Terminal should be very familiar to you if you’ve been listening for any amount of time. The command line interface to macOS is not scary, now, is it? Now that Bart has tamed it for us in the Taming the Terminal series.
VoiceOver Utility gives you an enormous amount of control over the wonderful VoiceOver technology in macOS.
Now I’ll cover off the additional applications that appear in the Other folder in Launchpad.
Automator is the very approachable way to automate stuff on your Mac. It uses a simple drag-and-drop interface to build workflows that can do anything from adding calendar items, to downloading images from a web page, to starting a Photos slideshow, and much, much more. This is worth having a play with.
Chess is a pretty decent 3D chess game.
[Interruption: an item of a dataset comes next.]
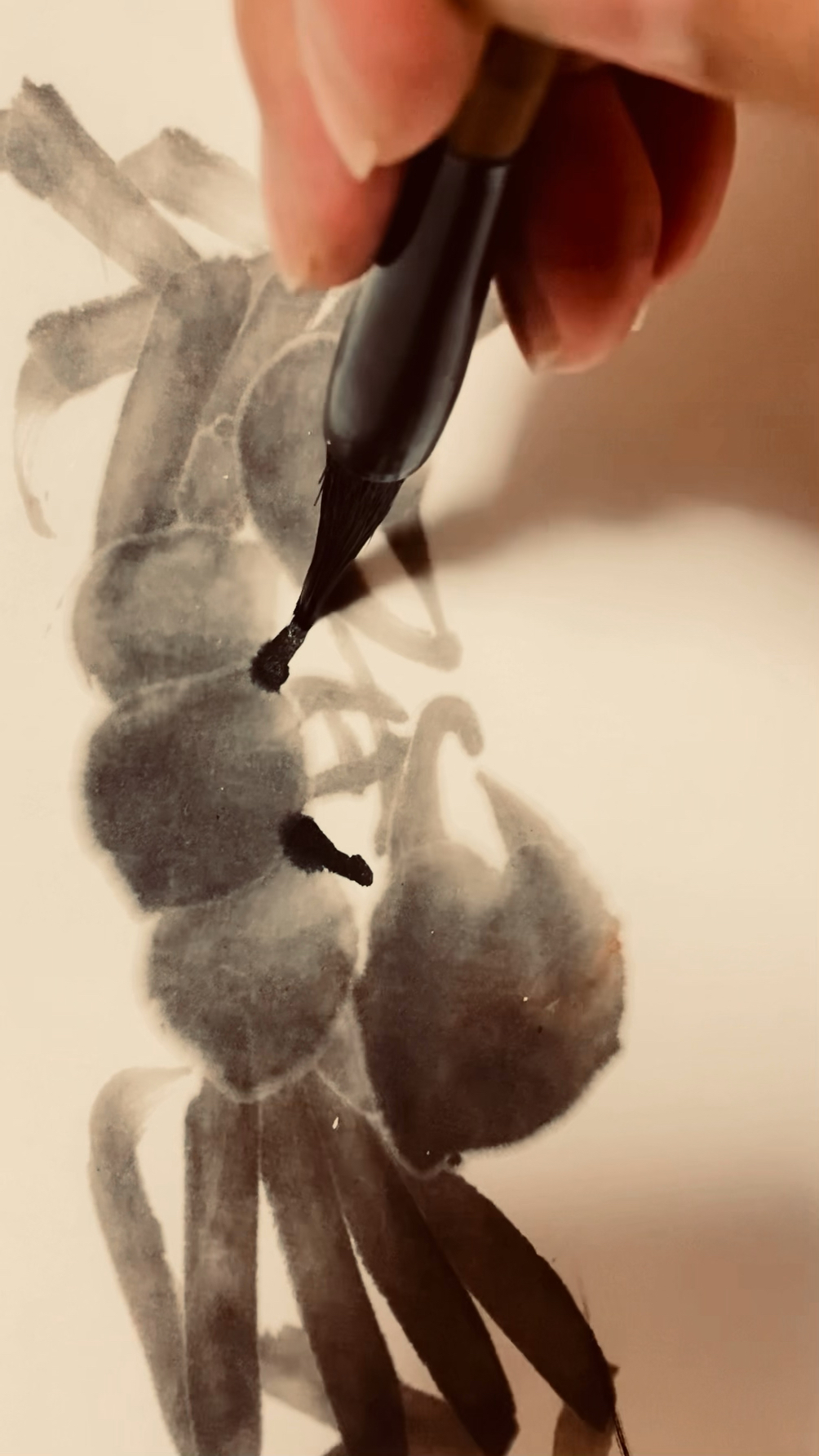 齐白石水墨螃蟹的画法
It doesn’t have a lot of options, but you can play against your Mac or via Game Centre against anyone remotely.
DVD Player is the basic DVD player app that by default launches when you insert a commercial DVD video.
Font Book is the tool to manage all your installed fonts. You can see all of the font names, whether there are any issues (some third party fonts may be incomplete for example), delete them, install new ones, and see a sample of any font by selecting it.
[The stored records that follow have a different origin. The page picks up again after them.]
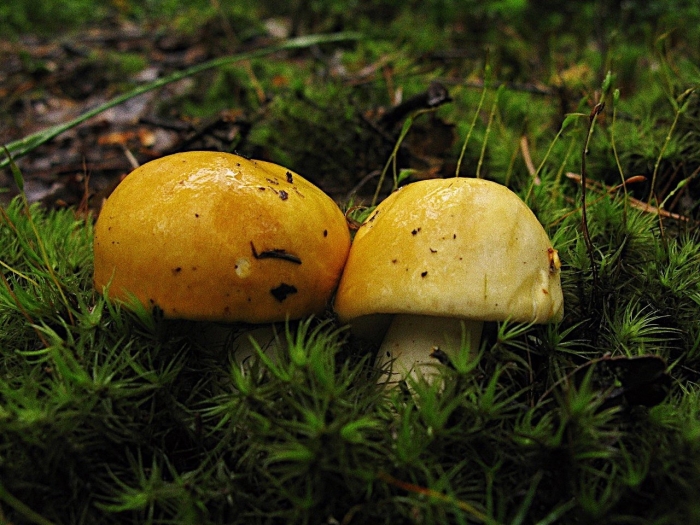 Сыроежка желтая съедобная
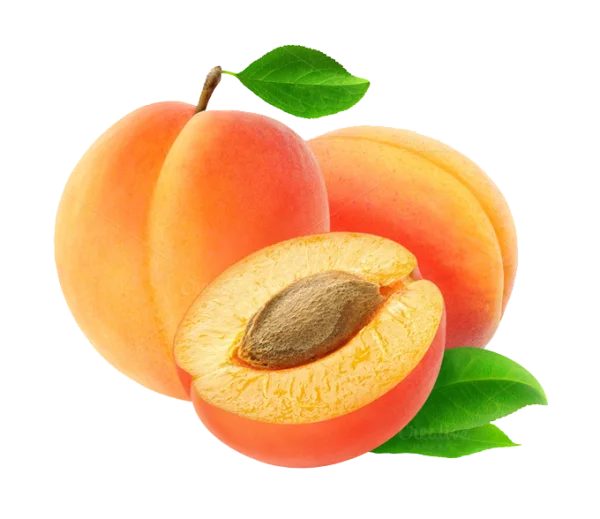 Fresh Apricots with Leaves PNG Transparent Background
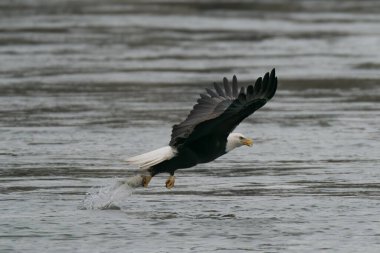 Maryland Susquehanna Nehri 'nden balık yakalayan kel kartal.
Image Capture allows for importing images from cameras and scanners. This is very much an Apple minimum viable application and you’re generally better off with with a dedicated photo management app, such as Photos, or the software that came with your scanner. But it does serve well as a backstop when you just need the basic functionality.
QuickTime is Apple’s video player. It has limited support of different video types, but does have the incredibly useful ability to record your Mac screen, or a section of it, as a video. Again, it is a very limited application, but it has its uses.
Stickies is a digital implementation of Post-It™ Notes. Try it!
TextEdit is one you’ve probably all come across at some point, perhaps in the early days of following the Programming By Stealth series. Once again, it is a basic app that is useful up to its limitations.
Time Machine is the app that lets you go through your Time Machine backups to locate and restore old files.
Hopefully you found something of interest in that list. All of the mentioned apps are installed on every Mac by default, so your wallet is not at risk.
3 thoughts on “26 Mac Apps You Didn’t Know You Had”
Allister, nice compilation.
I must, however, respectfully disagree with one synopsis: Image Capture. It is my go-to application for managing images outside of Photos. It provides a quick/nimble way of accessing, grabbing, and deleting photos in the iDevice camera roll (or attached camera or SD card), and gives me a first-class interface to my printers’ scanners — all without the need to add third-party crud.
I consider Image Capture to be a hidden gem.
A good memory jogger for future presentations at my local Apple User Group meeting Allister.
I agree with Steve that Image Capture is my go to app for scanning and acquiring pictures, but I don’t use that app. I have Preview in my Dock and access Image Capture features via Preview > File > Import From… which give me access to all Image Capture controls.
Preview is my got to gem.
Thanks Steve & Trevor.
I’m sure Image Capture can do a great job at document scanning, but it doesn’t give me enough control of my Epson flatbed scanner. Weirdly, when I set it to transparency mode it majorly reduces my options. While I can do multiple item detection and 4800 dpi scans in flatbed mode, it takes those options away from me in transparency mode where they are most needed! There’s little point in scanning a 35mm negative at 360dpi, which is the most it will give me.
I grant you it can pull images off most devices but I find iCloud or direct into Photos/Lightroom (especially directly from an SD card) do a fine job, too, so I really don’t have much need for it. That said, it has certainly improved a lot since I last tried it.